One thing you could say about Yuri, he did have easily read handwriting and knew how to put an article together. The story covered everything he had seen, plus a lot of speculation.

"No, Yuri Andreovich. We can't run this story, not as it stands now," Paul said. "You cannot accuse the government of a secret conspiracy without proof."

"I've spent the last week asking questions! All it's gotten me is a lot of blank stares and denials. Though I think Lefferts suspects something; I've been followed everywhere I go." Lefferts was Captain Harry Lefferts; he was part of the army but he also functioned as the head of Mike Stearns' special security unit that was directly under the President's authority.

"I didn't say we wouldn't publish it, but before I will-Proof, we will need proof before we could even consider going to press with this," said Paul.

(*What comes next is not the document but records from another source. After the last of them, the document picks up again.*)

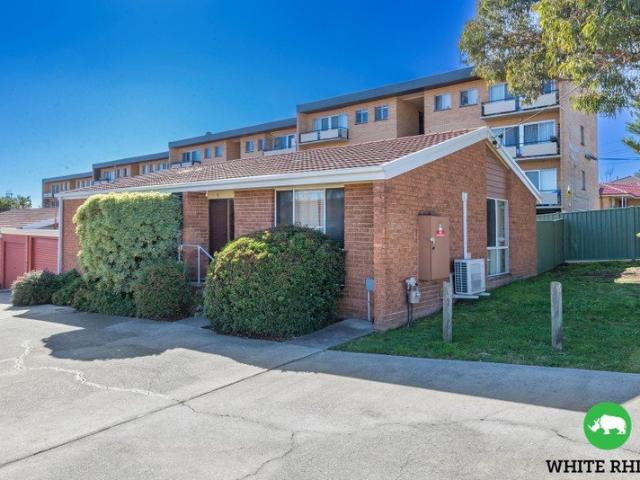 Townhouse for rent in Queanbeyan East, Queanbeyan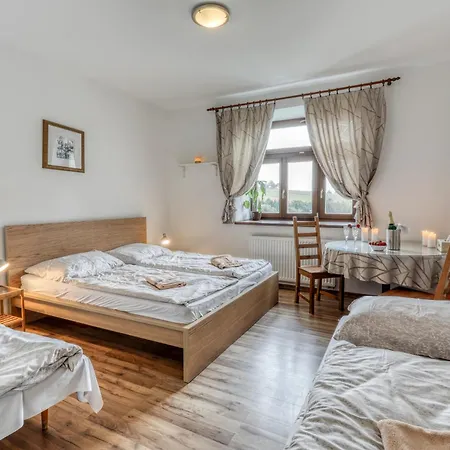 Feriehus Rodinny Jimramovske Pavlovice Az 24 Osob!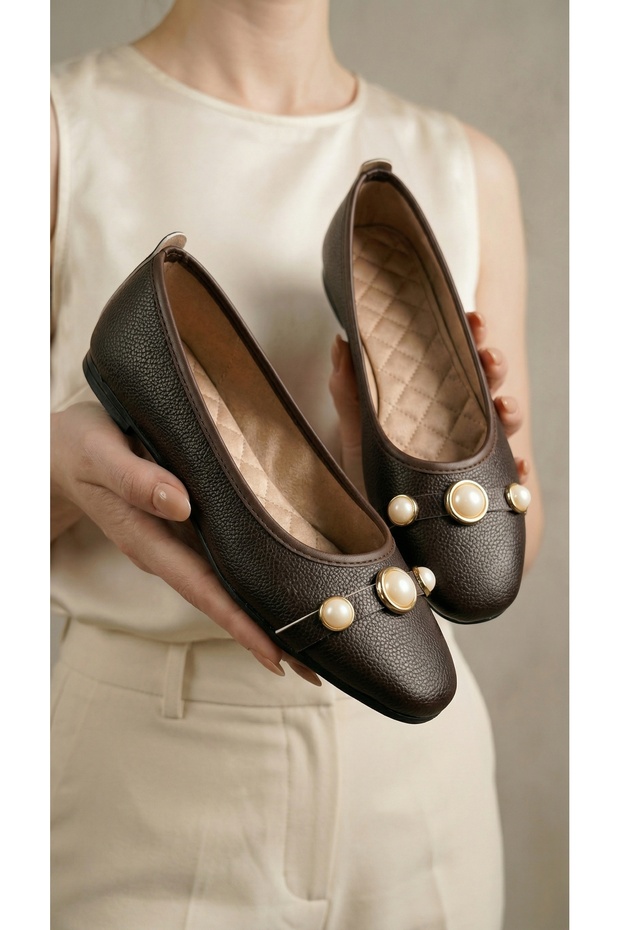 Women's Brown Leather Ballerinas with Pearl Detail 1cm Byndvb03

Yuri stared at Paul for a long time. "Very well, I will get proof." His voice suggested that his idea of getting proof would look something akin to a bull in a china shop. Yuri pulled his jacket tight about him and headed out the door without a word. A moment later he opened it again and leaned part way in.

"My byline, above the fold. Da?"

"Of course. I wouldn't have it any other way."

Yuri would not wait long, that much Paul knew. While the reporter was long on talent, he was at times short on patience, and Paul had a gut feeling that this could very well be one of those times.

Pappenheim playing Santa at the Christmas party was just so bizarre that it could have happened. Now if Yuri had suggested it had been Wallenstein, that would have been too much. It wasn't that Stearns wasn't capable of making a deal with Pappenheim, Paul was fairly certain he would, if it were necessary. Like all the other up-timers, Stearns had been forced to adapt to political realities in the seventeenth century.

Paul needed information, fast.

That meant Mirari Sesma.

Mirari was Basque. She had turned up in Grantville three months after the Ring of Fire. Just exactly why she had left the Pyrenees was a bit unclear; a few dropped hints suggested something about a vendetta, but she had never been forthcoming with details.

Mirari had taken over one of the empty buildings in town and had set up a small cafe that turned out to be extremely popular. People came, they ate, they drank, they talked, and, most importantly, Mirari listened. Her dark hair and dark eyes gave her an exotic appearance, but her manner was such that people just trusted her. It wasn't long before Mirari seemed to know everything that was going on in town, and if she didn't know it, she could find it out.

Paul found her in the back of her shop, just after closing at midnight. She was pouring a dark liquid into a cup. Before he could say anything she offered it to him and poured herself another.

"Chocolate?" he asked, savoring the familiar taste.

"I just got a supply in. I'll be saving it for special occasions," answered Mirari. "How is Nina?"

"She's almost over the cold. That herb tea you left certainly helped." Mirari and Nina, Paul's wife, had met weeks before he had been introduced to her. By that time the two of them were like long lost sisters.

"Besides drinking up my chocolate, what brings you out and about this late at night?"

"You always did know how to cut to the point." Paul wrapped his hands around the cup, enjoying the warmth. "I've picked up a rumor that General Pappenheim has been seen in the area, the night of the Christmas party?"